WHAT THE TASK ASKS. Among the entries below, find the lines that hold the word "Black" and report them.
MATERIAL PROVIDED Start Marker
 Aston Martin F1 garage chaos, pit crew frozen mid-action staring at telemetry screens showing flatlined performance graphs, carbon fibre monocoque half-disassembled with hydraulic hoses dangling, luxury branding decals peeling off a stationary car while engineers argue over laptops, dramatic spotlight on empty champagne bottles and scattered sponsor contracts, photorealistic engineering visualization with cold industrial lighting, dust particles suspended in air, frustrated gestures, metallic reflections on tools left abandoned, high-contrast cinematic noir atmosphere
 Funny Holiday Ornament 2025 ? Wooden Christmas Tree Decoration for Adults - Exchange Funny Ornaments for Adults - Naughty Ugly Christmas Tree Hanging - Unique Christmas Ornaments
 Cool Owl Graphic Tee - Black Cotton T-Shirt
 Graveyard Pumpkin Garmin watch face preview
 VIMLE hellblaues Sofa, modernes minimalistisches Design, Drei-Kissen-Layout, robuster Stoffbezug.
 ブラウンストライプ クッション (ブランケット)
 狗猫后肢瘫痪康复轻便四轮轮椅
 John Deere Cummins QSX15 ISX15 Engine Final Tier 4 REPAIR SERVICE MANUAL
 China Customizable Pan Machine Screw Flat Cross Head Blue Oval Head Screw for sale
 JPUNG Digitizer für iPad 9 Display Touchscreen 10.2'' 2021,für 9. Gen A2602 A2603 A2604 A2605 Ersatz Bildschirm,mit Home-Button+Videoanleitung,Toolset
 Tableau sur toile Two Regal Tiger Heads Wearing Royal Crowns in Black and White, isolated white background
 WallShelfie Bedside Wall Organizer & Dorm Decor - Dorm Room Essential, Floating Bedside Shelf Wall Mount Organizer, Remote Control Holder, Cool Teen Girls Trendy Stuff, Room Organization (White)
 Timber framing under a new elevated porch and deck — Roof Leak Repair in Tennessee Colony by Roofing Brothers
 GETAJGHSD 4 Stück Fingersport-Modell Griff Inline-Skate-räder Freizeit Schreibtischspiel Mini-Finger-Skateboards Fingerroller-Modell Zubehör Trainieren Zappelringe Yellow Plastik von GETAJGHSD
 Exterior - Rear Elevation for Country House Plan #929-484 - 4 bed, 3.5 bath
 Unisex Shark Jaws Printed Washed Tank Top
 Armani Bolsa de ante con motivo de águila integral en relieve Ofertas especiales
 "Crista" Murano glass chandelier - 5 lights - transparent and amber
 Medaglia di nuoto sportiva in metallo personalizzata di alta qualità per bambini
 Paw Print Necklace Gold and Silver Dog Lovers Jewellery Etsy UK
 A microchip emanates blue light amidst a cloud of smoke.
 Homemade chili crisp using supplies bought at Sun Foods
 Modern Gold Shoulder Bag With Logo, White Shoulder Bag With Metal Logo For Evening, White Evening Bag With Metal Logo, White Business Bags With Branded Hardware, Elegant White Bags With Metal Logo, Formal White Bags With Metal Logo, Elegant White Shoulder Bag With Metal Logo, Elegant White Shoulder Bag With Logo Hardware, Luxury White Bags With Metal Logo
MATERIAL PROVIDED End Marker
OUTPUT FOR THIS TASK.
 Cool Owl Graphic Tee - Black Cotton T-Shirt
 Tableau sur toile Two Regal Tiger Heads Wearing Royal Crowns in Black and White, isolated white background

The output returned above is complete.